I pivoted round cross-legged on the back seat, like a Circassian beauty beneath her veil, and saw Penfentenyou, his coat-collar over his ears, dancing before a shut door and holding up handfuls of currency to a silver-haired woman at an upper window, who only mouthed and shook her head. A little child, carrying a kitten, came smiling round a corner. Suddenly (but these things moved me no more than so many yards of three-penny cinematograph-film) the kitten leaped spitting from her arms, the child burst into tears, Penfentenyou, still dancing, snatched her up and tucked her under his coat, the woman’s countenance blanched, the front door opened, Penfentenyou and the child pressed through, and I was alone in an inhospitable world where every one was shutting windows and calling children home.

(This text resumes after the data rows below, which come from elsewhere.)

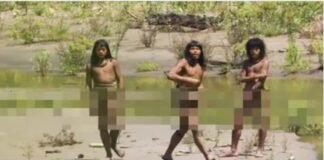 पहली बार कैमरे में दिखा अमेज़न का रहस्यमयी कबीला, वीडियो देखकर लोग डर गए अमेज़न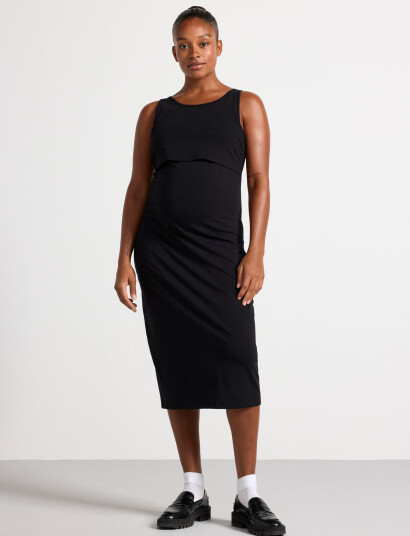 Lindex Dress Mom Jones - Black - L Lindex Dress Mom Jones - Black - L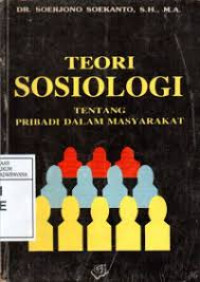 Image of teori sosiologi tentang pribadi dalam masyarakat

A voice cried: ‘You’ve frowtened ’em! You’ve frowtened ’em! Throw dust on ’em and they’ll settle!’

I did not desire to throw dust on any created thing. I needed both hands for my draperies and two more for my stockings. Besides, the bees were doing me no hurt. They recognised me as a member of the County Bee-keepers’ Association who had paid his annual subscription and was entitled to a free seat at all apicultural exhibitions. The quiver and the churn of the hireling car, or it might have been the lurching banners and the arrogant big drum, inclined many of them to go up street, and pay court to the advancing Foresters’ band. So they went, such as had not followed Mr. Lingnam in his flight toward the green, and I looked out of two goggled eyes instead of half a one at the approaching musicians, while I listened with both ears to the delayed train’s second whistle down the line beneath me.